She feels him behind her.

“What are you looking at?”

“Nothing. Just everything. The kitchen.”

“That room needs a bloody good lick of paint.”

“Yes.”

He takes her hand.

“Come on. Come with me. I have a plan.”

He takes her around the back. Across the surprisingly big yard—once a real farmyard, she supposes—with its old stone trough and water pump. “Nice old original feature, nice that they kept that,” he says. And then on into the overgrown garden where they find a white wrought-iron bench under an apple tree. He brushes fallen blossoms and a crust of bird shit off it and they sit down.

Insects are hovering all around them, alighting on the tired, half-dead cones of lilac and buddleia. They watch a bee crawl over
a bloom before falling backward into the air and then lifting off and away.
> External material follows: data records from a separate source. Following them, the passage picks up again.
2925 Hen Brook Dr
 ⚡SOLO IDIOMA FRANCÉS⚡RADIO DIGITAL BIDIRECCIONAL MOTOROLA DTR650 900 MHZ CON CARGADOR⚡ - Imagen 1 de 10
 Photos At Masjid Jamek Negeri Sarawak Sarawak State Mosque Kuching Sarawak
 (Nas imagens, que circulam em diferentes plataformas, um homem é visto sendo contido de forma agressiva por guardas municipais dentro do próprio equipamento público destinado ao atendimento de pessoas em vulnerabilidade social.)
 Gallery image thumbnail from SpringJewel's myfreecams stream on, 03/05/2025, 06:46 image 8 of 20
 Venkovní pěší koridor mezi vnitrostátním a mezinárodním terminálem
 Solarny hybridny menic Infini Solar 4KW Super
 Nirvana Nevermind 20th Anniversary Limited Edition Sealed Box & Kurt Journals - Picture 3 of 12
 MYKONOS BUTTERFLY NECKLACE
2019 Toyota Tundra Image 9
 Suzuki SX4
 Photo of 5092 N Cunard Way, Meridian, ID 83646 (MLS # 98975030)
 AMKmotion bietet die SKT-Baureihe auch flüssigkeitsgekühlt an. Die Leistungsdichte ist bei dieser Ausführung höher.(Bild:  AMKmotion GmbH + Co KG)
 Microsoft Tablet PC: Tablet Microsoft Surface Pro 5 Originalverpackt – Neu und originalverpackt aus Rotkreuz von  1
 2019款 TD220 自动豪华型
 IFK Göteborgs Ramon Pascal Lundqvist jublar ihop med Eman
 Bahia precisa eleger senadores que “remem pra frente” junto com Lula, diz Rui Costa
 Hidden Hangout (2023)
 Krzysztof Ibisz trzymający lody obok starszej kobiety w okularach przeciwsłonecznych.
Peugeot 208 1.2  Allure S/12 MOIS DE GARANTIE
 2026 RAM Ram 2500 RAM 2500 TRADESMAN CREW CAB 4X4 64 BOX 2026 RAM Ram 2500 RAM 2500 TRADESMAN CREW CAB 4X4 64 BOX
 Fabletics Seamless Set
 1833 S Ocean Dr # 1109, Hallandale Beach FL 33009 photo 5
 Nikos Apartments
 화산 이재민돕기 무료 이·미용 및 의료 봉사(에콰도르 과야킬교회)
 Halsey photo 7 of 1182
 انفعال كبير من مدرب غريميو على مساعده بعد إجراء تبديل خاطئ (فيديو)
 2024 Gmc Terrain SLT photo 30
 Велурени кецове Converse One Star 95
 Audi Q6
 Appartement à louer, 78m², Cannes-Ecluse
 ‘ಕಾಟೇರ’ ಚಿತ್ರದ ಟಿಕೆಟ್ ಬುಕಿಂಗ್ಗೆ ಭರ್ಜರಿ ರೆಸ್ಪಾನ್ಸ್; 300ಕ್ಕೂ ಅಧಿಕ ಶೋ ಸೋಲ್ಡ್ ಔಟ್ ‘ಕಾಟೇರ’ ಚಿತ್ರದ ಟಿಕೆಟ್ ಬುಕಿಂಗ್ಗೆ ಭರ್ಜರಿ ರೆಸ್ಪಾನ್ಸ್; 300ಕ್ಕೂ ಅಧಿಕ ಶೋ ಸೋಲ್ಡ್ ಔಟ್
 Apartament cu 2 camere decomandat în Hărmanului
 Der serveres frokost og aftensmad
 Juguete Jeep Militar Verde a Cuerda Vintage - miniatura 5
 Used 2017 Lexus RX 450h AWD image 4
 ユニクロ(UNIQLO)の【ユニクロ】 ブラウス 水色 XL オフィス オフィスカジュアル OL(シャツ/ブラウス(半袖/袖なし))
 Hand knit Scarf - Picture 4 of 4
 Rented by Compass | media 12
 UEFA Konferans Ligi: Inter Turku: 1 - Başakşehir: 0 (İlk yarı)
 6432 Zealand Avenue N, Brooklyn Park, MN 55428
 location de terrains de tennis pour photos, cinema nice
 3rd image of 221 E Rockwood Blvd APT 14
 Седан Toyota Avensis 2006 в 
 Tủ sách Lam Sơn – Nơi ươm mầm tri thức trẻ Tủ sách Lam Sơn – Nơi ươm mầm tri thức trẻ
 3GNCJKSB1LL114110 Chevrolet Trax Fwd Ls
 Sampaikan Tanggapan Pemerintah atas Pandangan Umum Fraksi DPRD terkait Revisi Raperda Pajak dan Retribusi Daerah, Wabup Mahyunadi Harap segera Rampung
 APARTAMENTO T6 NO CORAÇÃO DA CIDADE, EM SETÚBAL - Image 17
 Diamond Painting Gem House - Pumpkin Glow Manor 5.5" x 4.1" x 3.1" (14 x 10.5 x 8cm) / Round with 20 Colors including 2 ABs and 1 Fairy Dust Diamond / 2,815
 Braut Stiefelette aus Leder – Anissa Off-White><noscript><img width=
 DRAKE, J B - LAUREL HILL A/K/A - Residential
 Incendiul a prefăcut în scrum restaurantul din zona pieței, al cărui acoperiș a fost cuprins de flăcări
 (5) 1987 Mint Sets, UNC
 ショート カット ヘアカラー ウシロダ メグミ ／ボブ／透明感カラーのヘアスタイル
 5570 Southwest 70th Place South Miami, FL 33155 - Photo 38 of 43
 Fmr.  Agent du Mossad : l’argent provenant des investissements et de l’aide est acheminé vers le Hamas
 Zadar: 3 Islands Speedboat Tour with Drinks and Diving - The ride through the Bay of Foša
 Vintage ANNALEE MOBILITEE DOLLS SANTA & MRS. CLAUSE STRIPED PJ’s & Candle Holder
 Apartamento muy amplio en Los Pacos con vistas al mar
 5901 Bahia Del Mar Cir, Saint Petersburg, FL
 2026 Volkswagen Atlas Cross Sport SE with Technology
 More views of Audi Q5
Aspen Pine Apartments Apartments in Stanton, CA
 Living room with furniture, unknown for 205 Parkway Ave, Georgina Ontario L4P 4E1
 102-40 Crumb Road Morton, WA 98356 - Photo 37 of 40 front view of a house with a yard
At the bottom of the garden, just beyond where they sit, an enormous tree—or the vast, rotten trunk of one, anyway—lies in the long grass.

Graham is looking around him, interest and delight and expectation on his face.

“All it needs is a bit of TLC,” he says.

“Yes.”

She tilts her head back to look at the sky.

“It's huge,” he says. “The garden. Do you realize that? The other day, with that silly boy, we only saw about half of it. I don't think he had a clue. It goes back even further than you can see.”

“You can show me,” she says. “In a minute.”

He smiles.

“I think that's a walnut tree over there. And see the apple trees? Loads of them. I told you—I'm sure this used to be an orchard once upon a time.”

Once upon a time. She turns to look at him and as she does, he opens his old corduroy jacket and shows her: a bottle and two paper cups. He smiles.

“I told you I had a plan.”

T
HEY THOUGHT HE WAS DEAD BUT HE WASN
'
T DEAD.
H
E WAS
the luckiest man on earth. He was alive. The tree had missed him by about an inch.

I waited for them to find this out. I watched as my father went out in the solid sheeting rain and bent his head and said something to him. And I saw the man lift up his own head and say something back.

My mother gasped.

He's alive. Bloody hell. Thank God.

I said nothing. My heart jumping now.

My mother shouted at Frank to run and wake Isaac Roper. I watched as my father touched the man on the shoulder and said something else. Maybe he told him he was going to be all right or one of the other things people say when they think someone's going to die.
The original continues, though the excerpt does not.